Linda Burgess
Dublin woman Linda Burgess (39), of Donaghmede, was a teenager when her family doctor stressed the importance of self-breast examination. “I was about 17 and a little embarrassed at the time,” she recalls, “but now I’m really glad he made me vigilant.” When she was in her 30s, Linda experienced a discharge from her left breast. She went to a doctor (“not my usual one”) and was told the discharge was “probably” due to hormonal factors and that she was “too young” to get cancer. Sensibly, Linda continued to monitor herself, and when two weeks later she felt a small lump in the same breast she told the nurses at the Well Woman Clinic. They referred her to the breast clinic at Beaumont Hospital, Dublin, where she was seen by consultant surgeon Professor Arnold Hill, who sent her for a mammogram and an ultrasound. He then asked her to return that afternoon for a needle biopsy.
Shortly after, Linda received the news that she had early-stage, estrogen receptor-positive breast cancer. Within a week, she had had a lumpectomy. Following her surgery at Beaumont, Linda had radiotherapy at St Luke’s Hospital, Rathgar, every weekday for nearly seven weeks. She says her ordeal was made much easier by the love and support of her children and her mother. “My mother was by my side all the way,” she says admiringly. Linda advises all women, especially younger women, to self-check their breasts every month so they know what is normal for them, from which they can easily detect any changes. Professor Hill, who treated Linda, says, “We know from studies that breast cancer, if detected early, has a much more positive survival outcome.”
Linda says she is totally behind the Be Breast Aware: Have a Feel Day campaign, which was launched by Aviva Health Insurance and Breast Cancer Ireland.

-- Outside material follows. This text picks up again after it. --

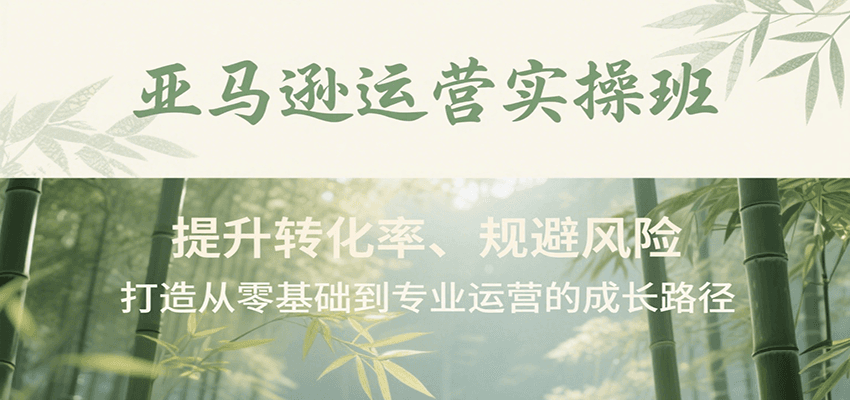 亚马逊运营实操班，提升转化率、规避风险，打造从零基础到专业运营的成长路径-财富区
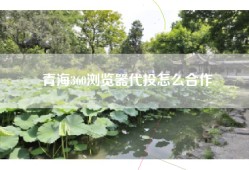青海360浏览器代投怎么合作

She was delighted, too, by the launch of the Breast Aware app, which shows women how to perform a self-breast examination (the app also sends a monthly discreet reminder to check their breasts). As to the claim by the doctor she had previously attended (that young women don’t get breast cancer), Linda says, “I was only 33 years old and I got it.”
Unfortunately, in 2013, Linda was diagnosed with breast cancer for a second time. Once again under the care of Professor Arnold Hill at Beaumont Hospital, she had a mastectomy and lymph node clearance, followed by chemotherapy and radiotherapy. It was a difficult time for her, but thankfully with the love and support she received from family and friends, she got through it and is doing well now.